Rezension

Hier muss man sich Zeit lassen

Spiele - Ulrike Draesner

Spiele
von Ulrike Draesner

Bewertet mit 4 Sternen

Ich gebe jedem Buch ca. 100 Seiten, um mich auf seine Seite zu ziehen...hier hätte ich nach 50 Seiten fast aufgehört;

und jetzt, nachdem ich nach fast 500 Seiten am Ende angelangt bin, bin ich sehr froh, daß ich durchgehalten habe.
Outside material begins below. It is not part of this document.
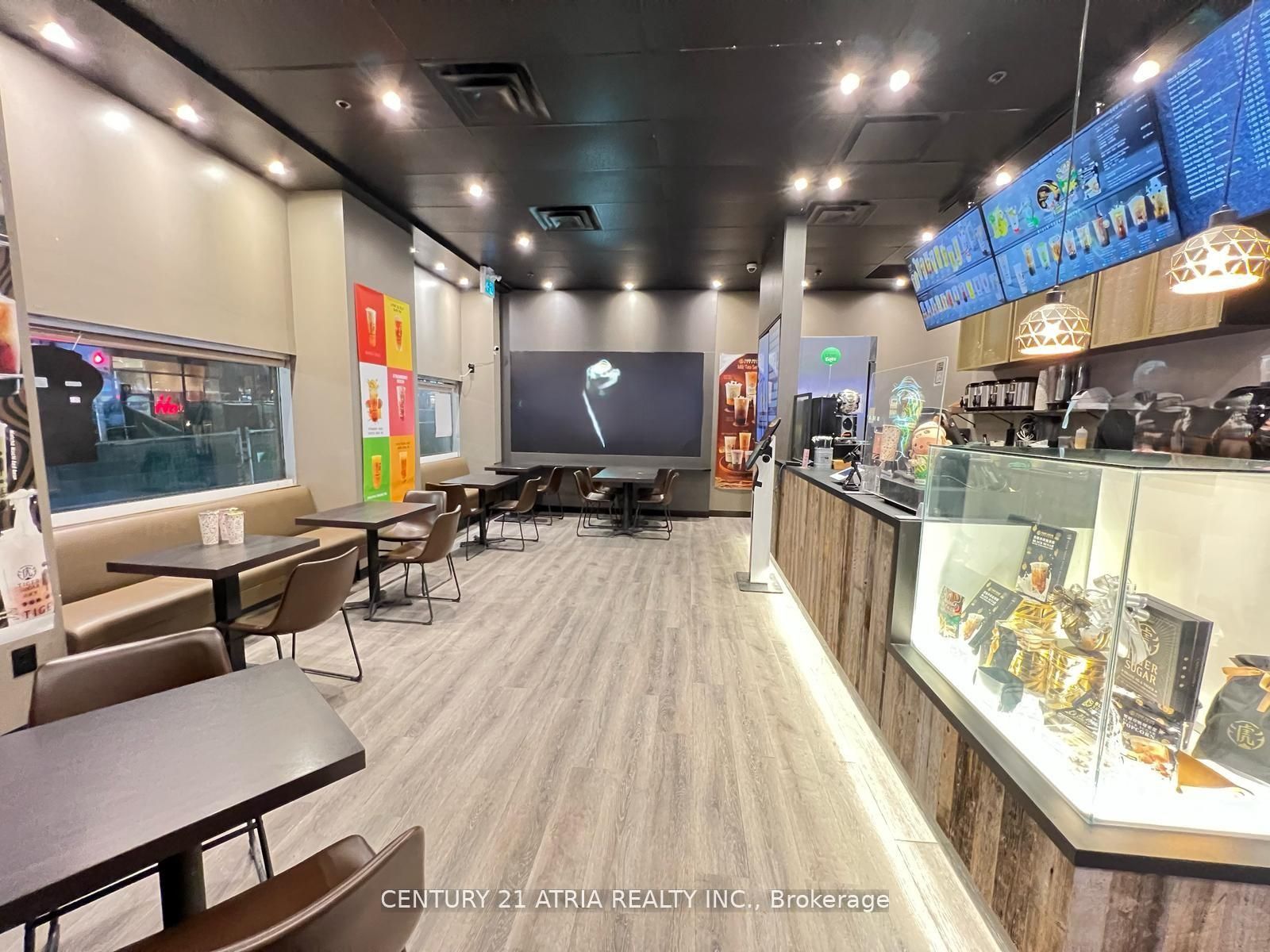 439A Yonge Street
An die Sprache und den Stil von Ulrike Draesner musste ich mich erstmal gewöhnen, und ich glaube, daß es den meisten auch so gehen wird: Gedankensprünge, Sätze, die über eine halbe Seite reichen, Charaktere, die sehr eigen und teilweise sehr skurril daherkommen. Einmal daran gewöhnt, liest sich das Buch sehr angenehm und man erfährt zum einen sehr viel über die Geiselnahme bei den Olympischen Spielen 1972 (ich wusste bis dahin nicht soviel darüber), und zum anderen lernt man Katja kennen, die mir im Grunde bis zum Schluss nicht vollständig sympathisch wurde. Aber das muss sie auch nicht; sie ist gefangen in ihren Zwängen und in ihrer eigenen Geschichte. Man lernt sie als Teenager 1972 kennen, und rund 20 Jahre später endet die gemeinsame Reise, als sie eine Recherche zur Geiselnahme beginnt und beendet, und sich damit auch aus ihren Zwängen befreit. Dabei begegnet man ihrem ganzen Umfeld, vor allem Max, ihrer großen Liebe. 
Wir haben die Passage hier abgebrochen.